あれは忍びの里にいた頃だった・・・・・。
「まあ、綺麗な花。」
藤棚に一杯に広がってぶらさがった白い花を、巴は目を見張って眺めている。
「あなたさまが咲かせましたの?私・・・・・あなたさまが花を育てるなんて、思いも寄りませんでした。」
二人はまだ師弟になったばかりであり、巴は清里の仇を討つことを、半ば同意したような形だった。
もちろん二人の間にはまだ何もなかった。
そればかりか、巴は縁のところへ返してほしいと懇願していたのであった。
その日も巴は蒼紫にこう言った。
「そろそろ返してくださいませんか・・・・あの・・・・私にはできないと思います。死ぬのは怖いですし・・・・・。」
「あなたには、その才がある。あるから、こうして、目をかけている。」
「冗談ではありません・・・・・あの・・・いつになったら・・・・・。」
巴は消え入るような声で、おどおどと言い募った。
「こちらへ。
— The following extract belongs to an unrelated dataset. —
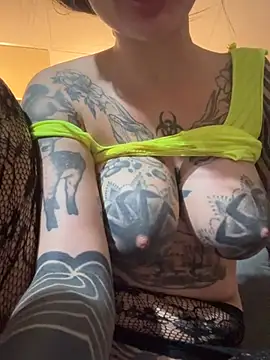 bambival123 stripchat live cam model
」
蒼紫は数寄屋造りの小さな茶室に巴を通した。
先代御頭と蒼紫がよく密談をした場所であったが、今は先代はその場にはいなかった。
蒼紫は巴の前で、点前をたてている。
巴はおとなしくその前に座って、蒼紫の袱紗さばきなどの作法を見ている。
やがて茶せんを返して蒼紫は茶器を巴に差し出した。
何の変哲もない、緑色の液体が泡だてて中に満たされている。
「・・・・・いただきます・・・・・。」
巴は静かに一礼をすると、茶器を回して液体を飲んだ。
白い喉が動くのを、蒼紫は食い入るようにじっと見つめた。
「ですから、私・・・・・清里のことは、もうあきらめてもよいのです・・・・・・長州など、私の手に負えるものではありません・・・・。」
「清里を愛していたわけではないのか。」
「私は・・・・私は・・・・清里を・・・・・・。」
言いかけた巴の唇がこまかく震えるのを、蒼紫は美しいと思った。
しかし、その目を蒼紫はすぐにはずした。
触れてはならない、水面に浮かぶ桜の花びら。
風にゆれて、手の届かない水底に今にも沈んでしまう。
巴は触れてはならない花であると思うのは、しかしその頃の蒼紫には耐え難いことであった。
―――だが俺は、巴を汚した。
蒼紫は今はそう思う。
だから、その巴に捧げられるものは、最高の美でなければならない。
抜刀斎が全力で元の姿に戻ったところで、その首を小太刀ではねる。
それは復讐であり、同時に失った過去の記憶の浄化であった。
抜刀斎は神谷道場に向かっている。
薫のところへ帰るつもりだ。
尾行したところで、何が出てくるものでもない―――ただ、薫が出迎えるのを、確認したいとその時蒼紫は思った。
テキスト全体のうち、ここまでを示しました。